Ricardo Saporta Ricardo Saporta - 1 month ago 5
R Question

How does one change the levels of a factor column in a data.table

What is the correct way to change the levels of a

factor
column in a
data.table
(note: not data frame)

library(data.table)
mydt <- data.table(id=1:6, value=as.factor(c("A", "A", "B", "B", "B", "C")), key="id")

mydt[, levels(value)]
[1] "A" "B" "C"


I am looking for something like:

mydt[, levels(value) <- c("X", "Y", "Z")]


But of course, the above line does not work.
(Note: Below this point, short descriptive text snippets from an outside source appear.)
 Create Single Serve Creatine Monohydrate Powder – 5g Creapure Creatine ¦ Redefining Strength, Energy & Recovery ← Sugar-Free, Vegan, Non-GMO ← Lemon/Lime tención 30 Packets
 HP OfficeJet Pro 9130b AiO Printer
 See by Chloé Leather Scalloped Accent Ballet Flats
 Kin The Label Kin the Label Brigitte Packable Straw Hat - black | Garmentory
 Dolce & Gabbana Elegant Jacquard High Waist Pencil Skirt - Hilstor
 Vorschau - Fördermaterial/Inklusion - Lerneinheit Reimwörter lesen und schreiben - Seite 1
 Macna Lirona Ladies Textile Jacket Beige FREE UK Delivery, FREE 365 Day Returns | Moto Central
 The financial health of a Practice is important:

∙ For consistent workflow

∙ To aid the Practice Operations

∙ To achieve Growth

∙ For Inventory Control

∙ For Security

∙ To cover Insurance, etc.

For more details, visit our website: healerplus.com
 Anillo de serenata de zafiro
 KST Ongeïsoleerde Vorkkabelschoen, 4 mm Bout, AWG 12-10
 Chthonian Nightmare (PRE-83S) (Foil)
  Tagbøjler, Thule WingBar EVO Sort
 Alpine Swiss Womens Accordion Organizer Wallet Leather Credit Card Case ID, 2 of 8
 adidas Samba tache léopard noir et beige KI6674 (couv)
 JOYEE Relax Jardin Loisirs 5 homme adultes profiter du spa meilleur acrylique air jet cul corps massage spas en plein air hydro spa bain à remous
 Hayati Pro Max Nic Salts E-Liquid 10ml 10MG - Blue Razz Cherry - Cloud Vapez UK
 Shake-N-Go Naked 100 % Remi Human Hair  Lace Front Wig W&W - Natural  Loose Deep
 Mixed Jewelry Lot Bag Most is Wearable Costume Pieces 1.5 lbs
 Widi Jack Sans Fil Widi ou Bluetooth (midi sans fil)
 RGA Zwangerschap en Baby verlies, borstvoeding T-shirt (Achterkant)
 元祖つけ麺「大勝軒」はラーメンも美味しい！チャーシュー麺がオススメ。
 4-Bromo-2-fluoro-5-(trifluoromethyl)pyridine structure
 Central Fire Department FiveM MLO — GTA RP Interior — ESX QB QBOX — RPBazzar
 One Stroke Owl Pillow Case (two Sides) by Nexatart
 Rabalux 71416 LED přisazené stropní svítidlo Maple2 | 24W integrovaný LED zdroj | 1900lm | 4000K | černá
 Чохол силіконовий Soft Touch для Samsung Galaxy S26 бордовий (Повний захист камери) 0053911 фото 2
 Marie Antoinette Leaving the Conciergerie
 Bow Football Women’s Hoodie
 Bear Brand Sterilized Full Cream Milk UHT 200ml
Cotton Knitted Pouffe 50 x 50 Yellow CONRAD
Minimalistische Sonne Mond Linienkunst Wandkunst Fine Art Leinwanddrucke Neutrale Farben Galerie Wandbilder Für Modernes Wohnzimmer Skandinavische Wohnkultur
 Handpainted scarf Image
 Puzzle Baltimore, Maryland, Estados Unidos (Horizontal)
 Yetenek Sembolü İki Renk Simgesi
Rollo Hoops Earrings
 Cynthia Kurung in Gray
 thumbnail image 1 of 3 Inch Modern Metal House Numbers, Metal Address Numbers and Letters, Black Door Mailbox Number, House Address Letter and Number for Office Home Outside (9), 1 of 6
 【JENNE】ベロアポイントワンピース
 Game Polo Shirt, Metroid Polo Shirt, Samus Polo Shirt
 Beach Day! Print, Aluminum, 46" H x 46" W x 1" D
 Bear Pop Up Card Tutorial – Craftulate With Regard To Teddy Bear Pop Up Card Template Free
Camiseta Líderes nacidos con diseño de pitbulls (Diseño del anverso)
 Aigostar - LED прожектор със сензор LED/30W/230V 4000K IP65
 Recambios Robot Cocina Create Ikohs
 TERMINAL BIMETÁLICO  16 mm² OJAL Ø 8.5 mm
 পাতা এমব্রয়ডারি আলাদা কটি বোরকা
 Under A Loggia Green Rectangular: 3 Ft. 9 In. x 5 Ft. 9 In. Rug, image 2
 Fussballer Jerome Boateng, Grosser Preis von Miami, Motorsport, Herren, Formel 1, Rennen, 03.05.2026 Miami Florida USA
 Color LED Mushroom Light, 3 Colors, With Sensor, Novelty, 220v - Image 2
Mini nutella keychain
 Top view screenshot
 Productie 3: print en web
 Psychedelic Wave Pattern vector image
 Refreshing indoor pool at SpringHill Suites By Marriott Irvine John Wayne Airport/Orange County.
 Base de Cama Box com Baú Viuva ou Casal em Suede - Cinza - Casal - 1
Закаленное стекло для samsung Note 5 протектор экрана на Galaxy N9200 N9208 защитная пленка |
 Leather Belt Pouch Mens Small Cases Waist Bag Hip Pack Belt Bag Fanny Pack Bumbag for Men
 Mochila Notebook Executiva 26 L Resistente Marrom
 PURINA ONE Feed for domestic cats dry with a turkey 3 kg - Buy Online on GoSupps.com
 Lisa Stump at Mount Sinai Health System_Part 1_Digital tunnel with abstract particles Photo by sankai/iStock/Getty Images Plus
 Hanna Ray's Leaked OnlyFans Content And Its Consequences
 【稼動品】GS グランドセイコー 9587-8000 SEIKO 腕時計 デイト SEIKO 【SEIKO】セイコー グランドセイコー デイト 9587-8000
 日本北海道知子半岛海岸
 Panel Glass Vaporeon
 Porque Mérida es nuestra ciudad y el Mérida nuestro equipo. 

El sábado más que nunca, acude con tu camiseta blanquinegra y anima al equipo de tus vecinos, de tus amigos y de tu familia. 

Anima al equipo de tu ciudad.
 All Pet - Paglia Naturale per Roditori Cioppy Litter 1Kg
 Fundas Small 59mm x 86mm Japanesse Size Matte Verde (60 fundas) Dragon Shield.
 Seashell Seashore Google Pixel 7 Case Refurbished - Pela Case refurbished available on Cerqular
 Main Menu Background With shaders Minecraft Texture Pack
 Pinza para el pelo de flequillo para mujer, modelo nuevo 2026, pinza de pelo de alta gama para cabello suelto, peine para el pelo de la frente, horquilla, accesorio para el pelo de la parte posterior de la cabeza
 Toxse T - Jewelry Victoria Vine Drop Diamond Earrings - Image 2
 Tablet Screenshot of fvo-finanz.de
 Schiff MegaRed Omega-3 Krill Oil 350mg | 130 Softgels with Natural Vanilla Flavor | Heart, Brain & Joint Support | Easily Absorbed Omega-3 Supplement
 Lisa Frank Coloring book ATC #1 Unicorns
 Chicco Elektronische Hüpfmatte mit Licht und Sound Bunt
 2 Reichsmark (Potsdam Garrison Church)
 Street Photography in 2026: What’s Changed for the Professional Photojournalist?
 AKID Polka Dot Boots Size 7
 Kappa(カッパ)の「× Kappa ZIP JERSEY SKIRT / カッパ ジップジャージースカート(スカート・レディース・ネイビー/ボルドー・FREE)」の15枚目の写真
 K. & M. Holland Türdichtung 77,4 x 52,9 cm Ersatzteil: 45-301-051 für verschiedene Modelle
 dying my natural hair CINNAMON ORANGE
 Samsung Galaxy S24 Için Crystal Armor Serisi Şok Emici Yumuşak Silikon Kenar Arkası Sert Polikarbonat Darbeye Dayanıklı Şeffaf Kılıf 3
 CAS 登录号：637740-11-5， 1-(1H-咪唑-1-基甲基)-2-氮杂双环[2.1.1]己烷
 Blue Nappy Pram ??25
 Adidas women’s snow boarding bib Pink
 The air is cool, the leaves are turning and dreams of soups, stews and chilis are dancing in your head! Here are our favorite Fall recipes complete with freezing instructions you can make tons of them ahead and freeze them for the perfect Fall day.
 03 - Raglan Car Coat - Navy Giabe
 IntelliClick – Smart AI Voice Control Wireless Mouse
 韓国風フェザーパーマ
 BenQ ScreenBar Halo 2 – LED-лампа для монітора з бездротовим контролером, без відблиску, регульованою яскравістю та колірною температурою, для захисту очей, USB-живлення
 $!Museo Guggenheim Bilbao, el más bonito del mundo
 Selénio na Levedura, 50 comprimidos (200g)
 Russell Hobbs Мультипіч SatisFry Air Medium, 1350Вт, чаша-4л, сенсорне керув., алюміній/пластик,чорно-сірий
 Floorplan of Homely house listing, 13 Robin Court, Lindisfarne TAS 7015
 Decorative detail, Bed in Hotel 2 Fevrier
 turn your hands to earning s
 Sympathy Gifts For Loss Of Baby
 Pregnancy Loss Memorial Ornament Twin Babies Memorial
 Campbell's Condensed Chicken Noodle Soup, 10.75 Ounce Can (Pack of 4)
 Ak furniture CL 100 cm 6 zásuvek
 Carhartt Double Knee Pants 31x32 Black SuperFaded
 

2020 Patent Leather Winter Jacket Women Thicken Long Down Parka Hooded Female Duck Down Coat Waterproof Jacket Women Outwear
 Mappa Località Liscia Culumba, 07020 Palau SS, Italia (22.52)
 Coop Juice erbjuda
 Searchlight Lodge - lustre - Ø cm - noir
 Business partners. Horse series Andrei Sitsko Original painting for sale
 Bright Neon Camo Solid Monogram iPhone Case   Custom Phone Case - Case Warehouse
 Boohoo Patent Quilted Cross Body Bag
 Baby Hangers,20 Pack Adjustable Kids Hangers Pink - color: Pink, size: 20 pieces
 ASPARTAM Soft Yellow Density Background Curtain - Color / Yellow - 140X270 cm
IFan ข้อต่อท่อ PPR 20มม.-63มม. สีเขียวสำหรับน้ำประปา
# Actual # Expected result
> mydt > mydt
id value id value
1: 1 A 1: 1 X
2: 2 A 2: 2 X
3: 3 B 3: 3 Y
4: 4 B 4: 4 Y
5: 5 B 5: 5 Y
6: 6 C 6: 6 Z

Answer

You can still set them the traditional way:

levels(mydt$value) <- c(...)

This should be plenty fast unless mydt is very large since that traditional syntax copies the entire object. You could also play the un-factoring and refactoring game... but no one likes that game anyway.

To change the levels by reference with no copy of mydt :

setattr(mydt$value,"levels",c(...))

but be sure to assign a valid levels vector (type character of sufficient length) otherwise you'll end up with an invalid factor (levels<- does some checking as well as copying).